DEVELOPMENT OF DRIVE CYCLES FOR FUEL CONSUMPTION EVALUATION OF MILITARY GROUND VEHICLES

by Oguz H. Dagci; Andrew Cook; Phillip Shaw

Abstract

This paper discusses the development of a methodology to generate drive cycles having a finite duration, but which are statistically representative of a larger set of usage data collected from fleet vehicles operating in the field. Given field-generated time vs. velocity data, acceleration at each data point is calculated, and each velocity and acceleration pair is binned using some calibrated level of fidelity. As a result, a velocity-acceleration matrix representing each vehicle operating point, as well as cumulative probability distribution functions for acceleration change and take-off acceleration are generated. These cumulative distribution functions are utilized to pick random velocity-acceleration pairs from the corresponding matrix, and the concatenation of each consecutive chosen velocity-acceleration pair constitutes the final drive cycle.
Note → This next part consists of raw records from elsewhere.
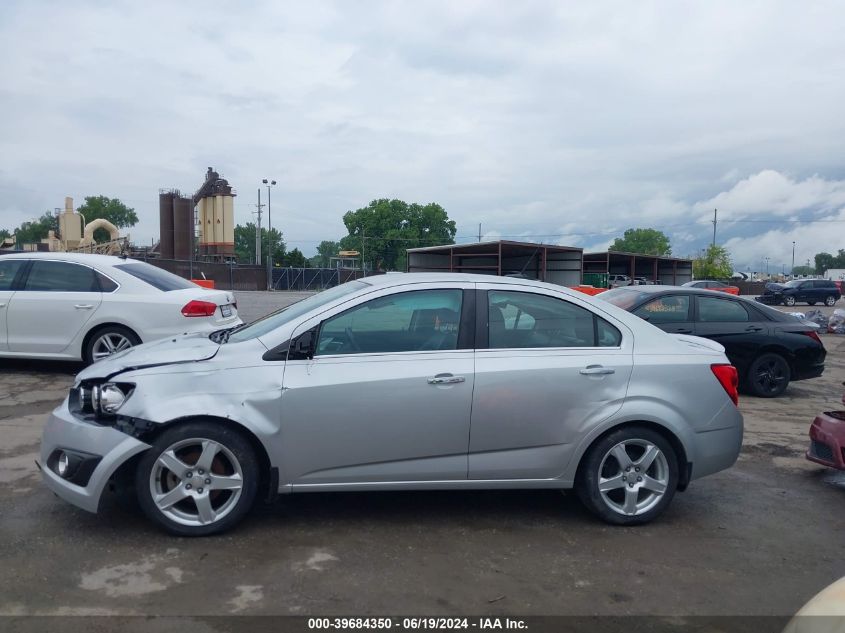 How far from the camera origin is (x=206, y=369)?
4.18 metres

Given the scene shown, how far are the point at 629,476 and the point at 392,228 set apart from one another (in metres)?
96.5

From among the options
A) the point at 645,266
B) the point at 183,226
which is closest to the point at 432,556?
the point at 645,266

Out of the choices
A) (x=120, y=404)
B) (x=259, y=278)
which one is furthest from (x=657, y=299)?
(x=259, y=278)

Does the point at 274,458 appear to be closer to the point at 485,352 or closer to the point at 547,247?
the point at 485,352

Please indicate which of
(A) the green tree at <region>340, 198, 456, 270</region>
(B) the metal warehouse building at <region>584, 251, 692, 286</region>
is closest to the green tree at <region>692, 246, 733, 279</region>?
(B) the metal warehouse building at <region>584, 251, 692, 286</region>

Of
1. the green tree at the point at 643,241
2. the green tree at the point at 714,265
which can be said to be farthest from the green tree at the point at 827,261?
the green tree at the point at 714,265

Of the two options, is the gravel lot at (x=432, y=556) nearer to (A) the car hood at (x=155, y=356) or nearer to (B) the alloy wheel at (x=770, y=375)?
(A) the car hood at (x=155, y=356)

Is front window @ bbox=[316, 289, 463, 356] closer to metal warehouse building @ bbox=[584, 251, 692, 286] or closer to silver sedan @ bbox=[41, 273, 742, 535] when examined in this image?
silver sedan @ bbox=[41, 273, 742, 535]

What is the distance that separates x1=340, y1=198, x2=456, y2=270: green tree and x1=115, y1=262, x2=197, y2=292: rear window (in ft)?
288

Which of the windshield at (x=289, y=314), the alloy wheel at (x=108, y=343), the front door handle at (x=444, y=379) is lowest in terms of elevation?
the alloy wheel at (x=108, y=343)

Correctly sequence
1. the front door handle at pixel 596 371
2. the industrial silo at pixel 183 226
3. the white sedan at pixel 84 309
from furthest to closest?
1. the industrial silo at pixel 183 226
2. the white sedan at pixel 84 309
3. the front door handle at pixel 596 371

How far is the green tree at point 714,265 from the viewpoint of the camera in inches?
3164

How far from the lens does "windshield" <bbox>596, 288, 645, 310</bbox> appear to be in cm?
943

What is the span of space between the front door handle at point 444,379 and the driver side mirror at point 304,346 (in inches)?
29.1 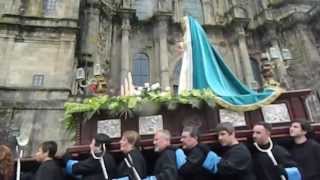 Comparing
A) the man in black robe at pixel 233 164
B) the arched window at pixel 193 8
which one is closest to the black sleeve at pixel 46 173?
the man in black robe at pixel 233 164

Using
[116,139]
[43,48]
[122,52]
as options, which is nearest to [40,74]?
[43,48]

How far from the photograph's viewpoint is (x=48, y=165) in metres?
4.68

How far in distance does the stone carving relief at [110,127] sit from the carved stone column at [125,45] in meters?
14.8

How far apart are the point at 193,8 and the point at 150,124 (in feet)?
72.7

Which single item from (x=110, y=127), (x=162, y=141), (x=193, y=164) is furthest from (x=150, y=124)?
(x=193, y=164)

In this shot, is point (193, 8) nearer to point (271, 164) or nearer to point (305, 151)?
point (305, 151)

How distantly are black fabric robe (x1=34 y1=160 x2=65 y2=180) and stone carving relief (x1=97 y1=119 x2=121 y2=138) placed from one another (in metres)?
1.17

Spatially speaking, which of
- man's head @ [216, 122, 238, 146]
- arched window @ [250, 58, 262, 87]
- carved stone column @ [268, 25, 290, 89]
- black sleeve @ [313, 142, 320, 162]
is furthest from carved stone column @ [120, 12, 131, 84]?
black sleeve @ [313, 142, 320, 162]

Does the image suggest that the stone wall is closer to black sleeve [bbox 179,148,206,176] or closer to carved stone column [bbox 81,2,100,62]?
carved stone column [bbox 81,2,100,62]

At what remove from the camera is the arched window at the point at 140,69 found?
71.6 ft

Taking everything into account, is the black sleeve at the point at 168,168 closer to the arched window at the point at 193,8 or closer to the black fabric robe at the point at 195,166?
the black fabric robe at the point at 195,166

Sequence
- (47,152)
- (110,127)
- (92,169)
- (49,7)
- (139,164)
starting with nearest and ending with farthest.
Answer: (139,164)
(92,169)
(47,152)
(110,127)
(49,7)

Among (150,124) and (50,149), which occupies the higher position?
(150,124)

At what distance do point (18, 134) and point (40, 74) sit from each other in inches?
139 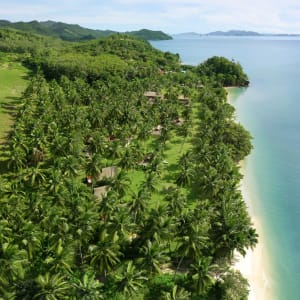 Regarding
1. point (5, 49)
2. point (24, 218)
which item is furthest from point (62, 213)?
point (5, 49)

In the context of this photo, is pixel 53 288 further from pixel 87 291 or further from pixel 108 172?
pixel 108 172

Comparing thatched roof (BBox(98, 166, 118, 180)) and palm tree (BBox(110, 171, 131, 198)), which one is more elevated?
palm tree (BBox(110, 171, 131, 198))

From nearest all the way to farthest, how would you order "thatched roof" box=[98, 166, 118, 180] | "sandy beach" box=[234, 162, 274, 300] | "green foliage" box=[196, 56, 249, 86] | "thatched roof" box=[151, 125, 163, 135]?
"sandy beach" box=[234, 162, 274, 300] < "thatched roof" box=[98, 166, 118, 180] < "thatched roof" box=[151, 125, 163, 135] < "green foliage" box=[196, 56, 249, 86]

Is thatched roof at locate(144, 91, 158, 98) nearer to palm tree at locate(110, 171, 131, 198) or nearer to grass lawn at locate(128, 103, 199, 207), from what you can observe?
grass lawn at locate(128, 103, 199, 207)

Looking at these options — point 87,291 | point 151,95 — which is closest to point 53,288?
point 87,291

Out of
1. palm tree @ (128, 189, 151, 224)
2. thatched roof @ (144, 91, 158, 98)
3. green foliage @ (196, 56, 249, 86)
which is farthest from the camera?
green foliage @ (196, 56, 249, 86)

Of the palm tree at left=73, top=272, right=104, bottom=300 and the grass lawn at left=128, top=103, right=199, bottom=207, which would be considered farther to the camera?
the grass lawn at left=128, top=103, right=199, bottom=207

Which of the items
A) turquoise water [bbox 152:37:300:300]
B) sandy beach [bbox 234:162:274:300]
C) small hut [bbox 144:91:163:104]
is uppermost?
small hut [bbox 144:91:163:104]

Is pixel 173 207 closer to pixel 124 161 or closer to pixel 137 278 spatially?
pixel 137 278

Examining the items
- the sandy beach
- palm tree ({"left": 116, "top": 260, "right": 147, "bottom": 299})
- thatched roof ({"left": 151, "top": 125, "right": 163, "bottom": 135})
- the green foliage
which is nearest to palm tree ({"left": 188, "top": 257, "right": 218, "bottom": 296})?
palm tree ({"left": 116, "top": 260, "right": 147, "bottom": 299}) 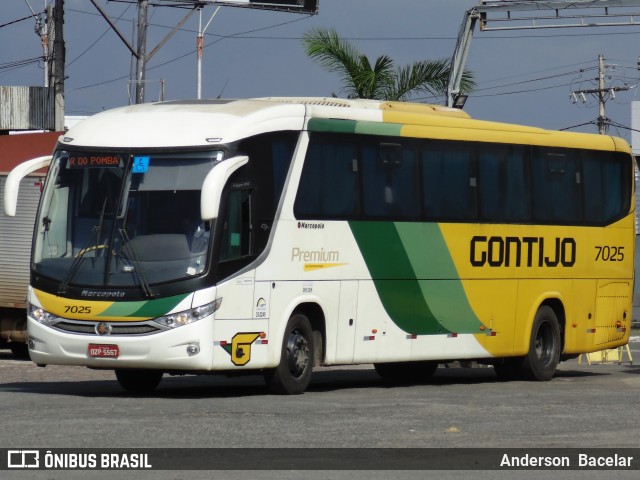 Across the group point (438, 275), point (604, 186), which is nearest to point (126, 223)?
point (438, 275)

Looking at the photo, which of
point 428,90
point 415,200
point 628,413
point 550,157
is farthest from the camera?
point 428,90

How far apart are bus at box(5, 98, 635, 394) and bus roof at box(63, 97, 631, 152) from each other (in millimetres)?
29

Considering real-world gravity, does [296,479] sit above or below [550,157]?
below

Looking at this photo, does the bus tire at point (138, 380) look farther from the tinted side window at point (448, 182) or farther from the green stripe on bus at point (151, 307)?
the tinted side window at point (448, 182)

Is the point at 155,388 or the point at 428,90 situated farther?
the point at 428,90

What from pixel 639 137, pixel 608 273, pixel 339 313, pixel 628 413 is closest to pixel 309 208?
pixel 339 313

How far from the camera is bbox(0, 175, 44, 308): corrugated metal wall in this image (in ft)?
89.6

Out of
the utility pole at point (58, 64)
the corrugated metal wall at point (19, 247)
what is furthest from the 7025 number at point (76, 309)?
the utility pole at point (58, 64)

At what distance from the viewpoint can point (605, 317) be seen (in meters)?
24.1

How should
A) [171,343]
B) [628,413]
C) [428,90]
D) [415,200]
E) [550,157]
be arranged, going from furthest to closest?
1. [428,90]
2. [550,157]
3. [415,200]
4. [171,343]
5. [628,413]

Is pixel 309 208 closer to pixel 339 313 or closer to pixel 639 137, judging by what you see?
pixel 339 313

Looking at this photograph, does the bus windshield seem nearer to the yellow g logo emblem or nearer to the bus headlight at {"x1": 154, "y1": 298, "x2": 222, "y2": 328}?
the bus headlight at {"x1": 154, "y1": 298, "x2": 222, "y2": 328}

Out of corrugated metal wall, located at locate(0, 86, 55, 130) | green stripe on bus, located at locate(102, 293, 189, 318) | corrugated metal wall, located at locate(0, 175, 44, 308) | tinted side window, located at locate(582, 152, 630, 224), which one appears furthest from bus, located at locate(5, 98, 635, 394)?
corrugated metal wall, located at locate(0, 86, 55, 130)

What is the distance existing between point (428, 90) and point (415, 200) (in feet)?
54.6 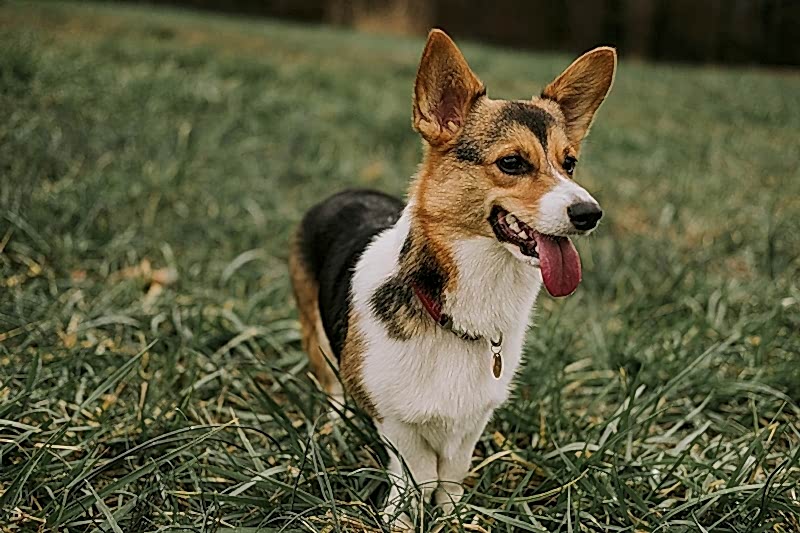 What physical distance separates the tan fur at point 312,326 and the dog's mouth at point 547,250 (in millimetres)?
1080

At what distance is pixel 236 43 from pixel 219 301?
6.27 metres

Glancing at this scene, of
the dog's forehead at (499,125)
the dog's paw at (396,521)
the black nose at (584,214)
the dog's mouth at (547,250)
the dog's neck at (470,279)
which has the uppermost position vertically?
the dog's forehead at (499,125)

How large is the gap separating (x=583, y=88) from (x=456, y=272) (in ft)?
2.86

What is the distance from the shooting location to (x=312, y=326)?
129 inches

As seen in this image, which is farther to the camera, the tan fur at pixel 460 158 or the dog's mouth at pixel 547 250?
the tan fur at pixel 460 158

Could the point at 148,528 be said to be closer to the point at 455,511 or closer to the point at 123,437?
the point at 123,437

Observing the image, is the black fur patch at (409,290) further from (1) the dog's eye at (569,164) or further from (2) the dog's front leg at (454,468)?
(1) the dog's eye at (569,164)

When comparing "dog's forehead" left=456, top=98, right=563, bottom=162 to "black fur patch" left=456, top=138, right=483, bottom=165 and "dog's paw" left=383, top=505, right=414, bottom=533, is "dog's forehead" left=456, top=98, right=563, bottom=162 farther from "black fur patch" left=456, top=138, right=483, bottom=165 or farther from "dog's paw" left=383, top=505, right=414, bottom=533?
"dog's paw" left=383, top=505, right=414, bottom=533

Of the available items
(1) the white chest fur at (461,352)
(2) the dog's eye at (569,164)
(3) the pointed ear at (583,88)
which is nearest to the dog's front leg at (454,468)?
(1) the white chest fur at (461,352)

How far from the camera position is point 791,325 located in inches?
154

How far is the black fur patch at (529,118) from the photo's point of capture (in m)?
2.42

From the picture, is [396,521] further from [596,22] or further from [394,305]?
[596,22]

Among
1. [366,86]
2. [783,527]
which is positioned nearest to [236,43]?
[366,86]

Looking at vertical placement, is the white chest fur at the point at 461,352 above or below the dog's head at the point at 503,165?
below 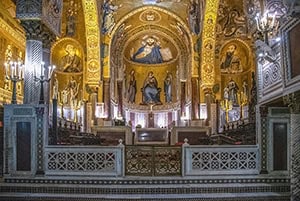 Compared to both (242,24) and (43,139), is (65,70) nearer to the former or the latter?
(242,24)

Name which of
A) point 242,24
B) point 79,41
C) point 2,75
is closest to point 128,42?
point 79,41

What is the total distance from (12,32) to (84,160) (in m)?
7.91

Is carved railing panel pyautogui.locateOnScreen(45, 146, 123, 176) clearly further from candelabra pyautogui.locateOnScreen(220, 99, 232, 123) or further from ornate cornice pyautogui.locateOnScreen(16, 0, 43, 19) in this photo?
candelabra pyautogui.locateOnScreen(220, 99, 232, 123)

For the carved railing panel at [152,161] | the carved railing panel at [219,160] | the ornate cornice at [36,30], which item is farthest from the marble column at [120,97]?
the carved railing panel at [219,160]

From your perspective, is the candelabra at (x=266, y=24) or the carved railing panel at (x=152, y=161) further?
the carved railing panel at (x=152, y=161)

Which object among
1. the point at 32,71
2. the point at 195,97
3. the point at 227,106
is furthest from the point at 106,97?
the point at 32,71

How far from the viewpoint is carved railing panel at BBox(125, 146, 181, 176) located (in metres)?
9.03

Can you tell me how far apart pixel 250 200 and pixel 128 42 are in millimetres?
15669

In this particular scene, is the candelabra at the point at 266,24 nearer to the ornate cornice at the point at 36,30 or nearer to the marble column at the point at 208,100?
the ornate cornice at the point at 36,30

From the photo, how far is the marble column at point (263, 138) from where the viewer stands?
9023mm

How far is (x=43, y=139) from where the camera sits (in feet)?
29.2

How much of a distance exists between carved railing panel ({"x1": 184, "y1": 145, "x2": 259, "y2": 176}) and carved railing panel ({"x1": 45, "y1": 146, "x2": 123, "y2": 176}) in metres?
1.59

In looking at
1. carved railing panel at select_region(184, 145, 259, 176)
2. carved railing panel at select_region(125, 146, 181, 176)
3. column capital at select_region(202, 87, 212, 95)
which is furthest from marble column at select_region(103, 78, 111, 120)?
carved railing panel at select_region(184, 145, 259, 176)

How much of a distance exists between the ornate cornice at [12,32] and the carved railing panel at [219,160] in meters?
8.46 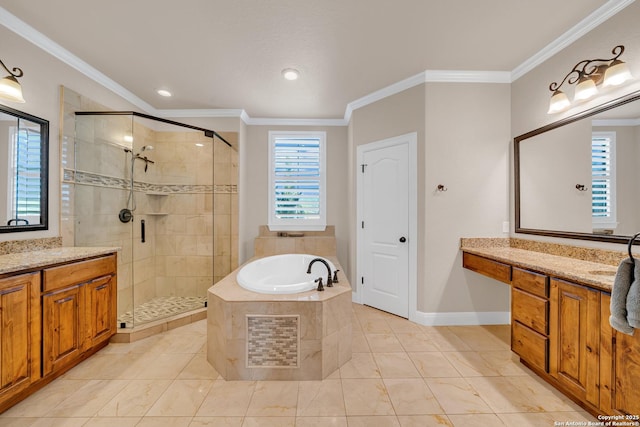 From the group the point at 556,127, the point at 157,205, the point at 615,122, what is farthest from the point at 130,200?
the point at 615,122

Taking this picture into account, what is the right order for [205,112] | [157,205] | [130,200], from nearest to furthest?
1. [130,200]
2. [157,205]
3. [205,112]

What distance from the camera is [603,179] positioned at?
1.85 meters

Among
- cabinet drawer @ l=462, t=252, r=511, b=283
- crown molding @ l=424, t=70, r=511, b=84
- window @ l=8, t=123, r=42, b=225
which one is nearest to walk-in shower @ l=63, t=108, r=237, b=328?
window @ l=8, t=123, r=42, b=225

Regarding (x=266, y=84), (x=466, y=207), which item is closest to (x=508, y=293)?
(x=466, y=207)

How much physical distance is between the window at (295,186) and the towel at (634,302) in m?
3.09

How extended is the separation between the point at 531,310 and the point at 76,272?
338 centimetres

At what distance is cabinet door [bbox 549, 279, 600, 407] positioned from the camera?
4.70ft

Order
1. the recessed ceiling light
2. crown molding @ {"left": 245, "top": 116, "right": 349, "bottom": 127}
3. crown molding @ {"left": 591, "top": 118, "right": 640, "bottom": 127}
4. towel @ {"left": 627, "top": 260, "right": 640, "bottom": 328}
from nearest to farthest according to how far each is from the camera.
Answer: towel @ {"left": 627, "top": 260, "right": 640, "bottom": 328}, crown molding @ {"left": 591, "top": 118, "right": 640, "bottom": 127}, the recessed ceiling light, crown molding @ {"left": 245, "top": 116, "right": 349, "bottom": 127}

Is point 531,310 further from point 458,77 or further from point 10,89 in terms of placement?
point 10,89

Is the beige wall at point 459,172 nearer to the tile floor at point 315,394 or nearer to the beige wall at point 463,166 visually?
the beige wall at point 463,166

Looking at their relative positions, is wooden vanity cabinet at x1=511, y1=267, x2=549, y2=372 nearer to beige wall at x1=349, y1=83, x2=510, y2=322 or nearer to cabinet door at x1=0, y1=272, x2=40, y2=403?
beige wall at x1=349, y1=83, x2=510, y2=322

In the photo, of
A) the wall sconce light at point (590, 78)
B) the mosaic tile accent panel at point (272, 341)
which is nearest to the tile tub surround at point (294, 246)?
the mosaic tile accent panel at point (272, 341)

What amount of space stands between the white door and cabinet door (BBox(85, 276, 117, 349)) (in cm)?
263

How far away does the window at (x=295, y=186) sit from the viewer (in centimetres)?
393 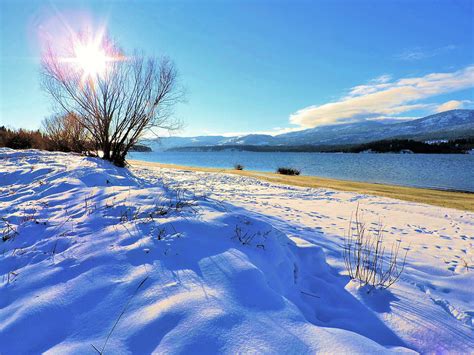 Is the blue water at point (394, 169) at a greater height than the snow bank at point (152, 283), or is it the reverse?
the snow bank at point (152, 283)

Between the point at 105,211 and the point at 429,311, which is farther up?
the point at 105,211

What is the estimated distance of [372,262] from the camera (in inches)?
149

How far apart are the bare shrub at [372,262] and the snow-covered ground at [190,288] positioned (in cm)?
14

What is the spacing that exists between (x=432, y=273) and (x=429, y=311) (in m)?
1.50

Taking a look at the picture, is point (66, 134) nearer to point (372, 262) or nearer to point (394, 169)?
point (372, 262)

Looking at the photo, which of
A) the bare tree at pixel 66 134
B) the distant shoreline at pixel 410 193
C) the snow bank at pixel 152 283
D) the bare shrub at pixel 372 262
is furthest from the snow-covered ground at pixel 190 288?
the bare tree at pixel 66 134

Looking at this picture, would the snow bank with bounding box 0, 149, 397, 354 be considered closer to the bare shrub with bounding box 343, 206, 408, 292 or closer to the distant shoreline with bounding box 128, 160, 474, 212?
the bare shrub with bounding box 343, 206, 408, 292

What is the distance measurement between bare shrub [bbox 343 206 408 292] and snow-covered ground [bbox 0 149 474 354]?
0.14 metres

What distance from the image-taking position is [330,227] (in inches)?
224

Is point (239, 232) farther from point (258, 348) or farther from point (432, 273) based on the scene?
point (432, 273)

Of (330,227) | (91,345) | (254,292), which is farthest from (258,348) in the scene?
(330,227)

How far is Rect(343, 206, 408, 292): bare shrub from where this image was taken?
10.2ft

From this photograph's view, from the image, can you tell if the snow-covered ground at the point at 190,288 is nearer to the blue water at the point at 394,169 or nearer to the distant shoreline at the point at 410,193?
the distant shoreline at the point at 410,193

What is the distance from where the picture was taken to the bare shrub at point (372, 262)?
3102 millimetres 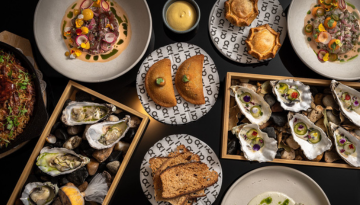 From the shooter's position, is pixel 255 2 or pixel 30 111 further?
pixel 255 2

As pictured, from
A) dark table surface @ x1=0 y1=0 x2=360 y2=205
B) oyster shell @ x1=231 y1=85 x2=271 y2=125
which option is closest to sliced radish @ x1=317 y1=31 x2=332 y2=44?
dark table surface @ x1=0 y1=0 x2=360 y2=205

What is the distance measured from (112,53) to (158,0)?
0.54m

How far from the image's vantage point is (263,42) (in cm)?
169

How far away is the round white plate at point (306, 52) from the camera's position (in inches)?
67.8

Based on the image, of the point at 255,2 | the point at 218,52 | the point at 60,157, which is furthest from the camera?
the point at 218,52

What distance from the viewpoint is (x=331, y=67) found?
177 centimetres

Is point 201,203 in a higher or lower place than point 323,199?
lower

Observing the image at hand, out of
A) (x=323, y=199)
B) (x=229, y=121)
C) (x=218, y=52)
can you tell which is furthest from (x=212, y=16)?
(x=323, y=199)

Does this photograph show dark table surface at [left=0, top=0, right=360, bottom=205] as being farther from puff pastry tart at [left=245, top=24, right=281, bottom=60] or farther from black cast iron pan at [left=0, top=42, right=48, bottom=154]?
black cast iron pan at [left=0, top=42, right=48, bottom=154]

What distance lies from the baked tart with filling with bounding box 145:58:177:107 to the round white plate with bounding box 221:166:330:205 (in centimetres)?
75

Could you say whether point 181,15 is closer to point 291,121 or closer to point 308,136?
point 291,121

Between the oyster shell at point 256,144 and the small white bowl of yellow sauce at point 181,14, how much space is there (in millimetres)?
812

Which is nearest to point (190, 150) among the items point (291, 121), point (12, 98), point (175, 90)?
point (175, 90)

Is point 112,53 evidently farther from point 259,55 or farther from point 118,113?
point 259,55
Three drive cycles representing the high-, medium- and low-speed operation of the vehicle are generated from the field data, and these show measurable similar statistical characteristics to the initial master data superset. To validate the drive cycles, simulations were performed on a representative vehicle model using both the statistically generated drive cycles and the entirety of the field-collected dataset, and fuel economy results were found to be consistent between the two. Finally, a method for evaluating various use cases of the vehicle in terms of fuel economy using various combinations of these three drive cycles is discussed.